ACTIVITY →
Only the lines from the one with "Great Basin National" onward are wanted, through the last line of the entries, set down exactly.

AVAILABLE DATA →
········
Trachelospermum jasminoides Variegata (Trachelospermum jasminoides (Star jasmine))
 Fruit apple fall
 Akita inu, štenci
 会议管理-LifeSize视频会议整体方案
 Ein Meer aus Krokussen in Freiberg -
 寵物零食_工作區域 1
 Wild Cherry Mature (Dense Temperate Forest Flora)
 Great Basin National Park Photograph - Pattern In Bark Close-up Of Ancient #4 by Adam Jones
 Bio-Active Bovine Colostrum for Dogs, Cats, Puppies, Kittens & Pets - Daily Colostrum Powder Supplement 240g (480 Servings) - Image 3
········
EXPECTED ANSWER →
 Great Basin National Park Photograph - Pattern In Bark Close-up Of Ancient #4 by Adam Jones
 Bio-Active Bovine Colostrum for Dogs, Cats, Puppies, Kittens & Pets - Daily Colostrum Powder Supplement 240g (480 Servings) - Image 3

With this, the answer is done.